The Bolshevik Tendency has shown itself to be extremely capable of building a united mass action. Whether it is stuck to the speaker policy remains to be seen, and should not be taken as a given. In any case, a broad anti-intervention movement is much more important to the ASA than maintaining cordial relations with the Bolshevik Tendency. We should never again be taken in by the bogey of “principled” coalition building.
In conclusion, I would like to point rather hesitantly to possible “side-effects” of the whole T.A.I.C affair on the ASA. Esther D.’s resignation can partially be traced back to her feelings on the conference. Our reaction to the story she told regarding the anti-racist movement in which her father participated was very much a product of this “fetishism of so-called principles” I have discussed. She was very concerned that the movement “for and of itself” no longer meant anything to the ASA. I now believe her concerns were well-founded.
The same can in a much more limited fashion be said about comrade Hamid N’s request for sympathizer status. He sensed the fraction was drifting in the direction which I have detailed, and this to him was perhaps the proverbial straw that broke the camel’s back. He acted in a way which he considered appropriate. In both cases, true, it is inexcusable for members of a revolutionary organization to leave instead of fighting to correct perceived flaws. But to denounce their departure in this way with little corresponding self-examination is a dangerous way to function.

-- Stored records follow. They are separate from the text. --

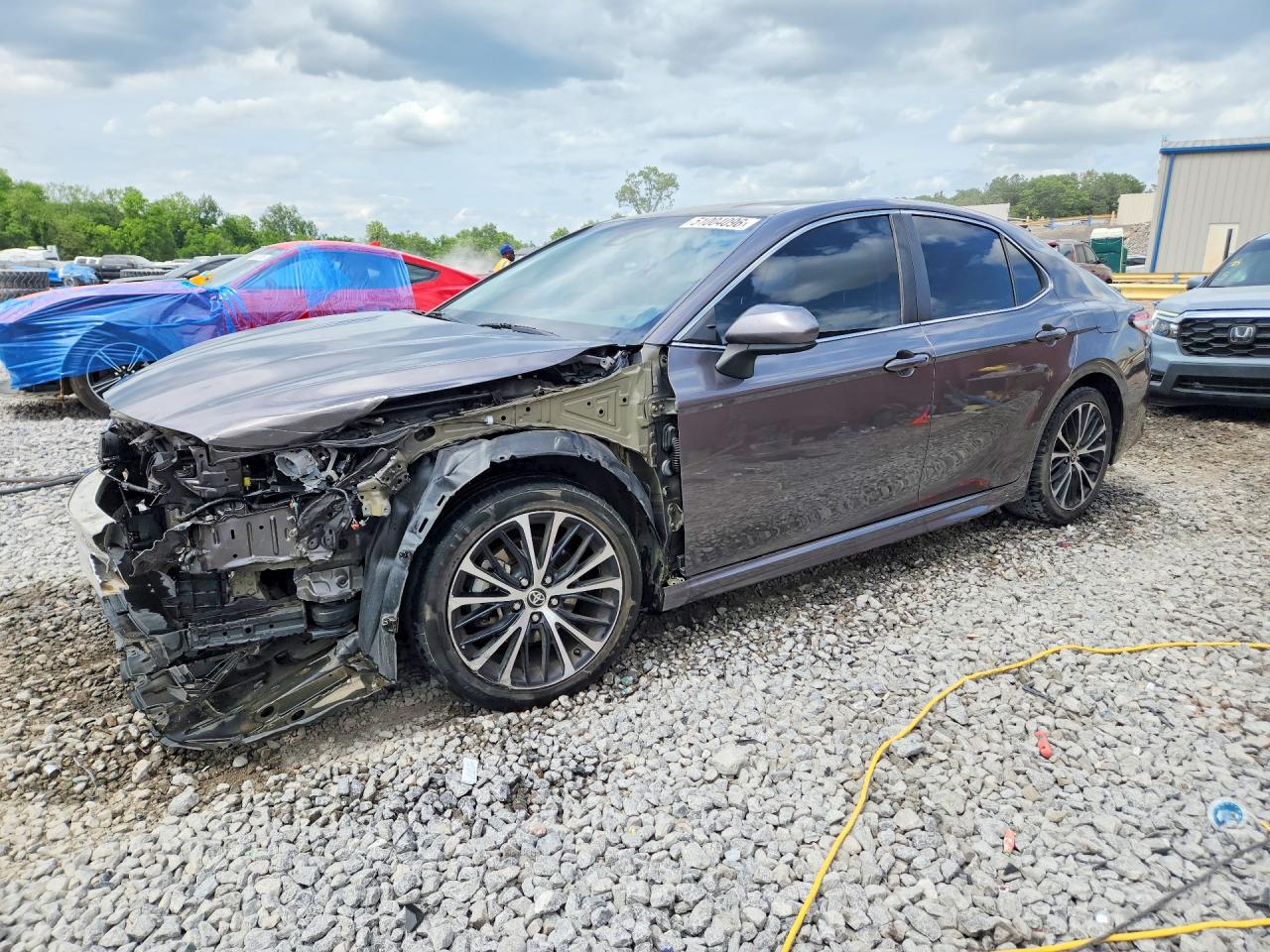 Salvage Toyota Camry Image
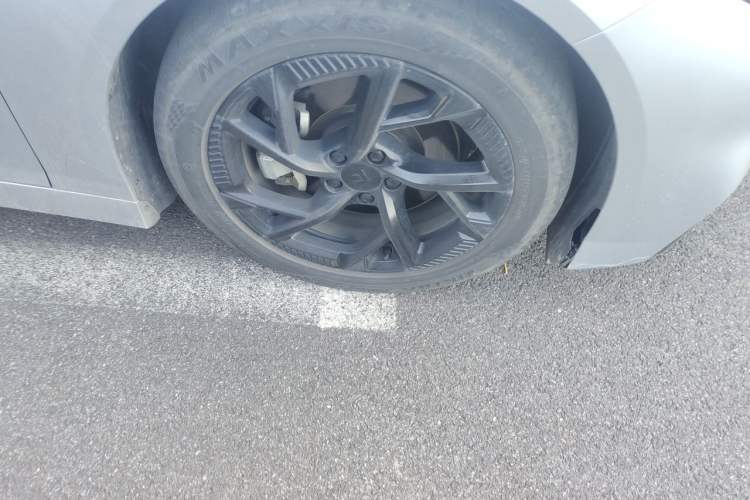 Used Hyptec GT 2023 560 Rear-Drive Seven-Wing Edition Right Front Wheel Hub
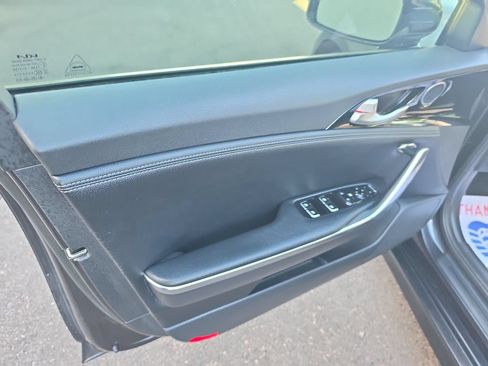 Used 2023 Kia Stinger GT-Line AWD/4WD image 10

We must constantly adapt the tactics of our organization to the realities of a constantly changing world. Likewise for the development of a “correct” political line. This may be time-consuming and difficult, but has thus far proven itself to be infinitely more rewarding for our revolutionary project. Our task is to bridge the gap between the overripe objective conditions of capitalism’s death agony and the underdeveloped subjective conditions. And that means facing the latter head-on from “within” and “without”. Fruitless demagogy is better left to those who “read their Lenin”.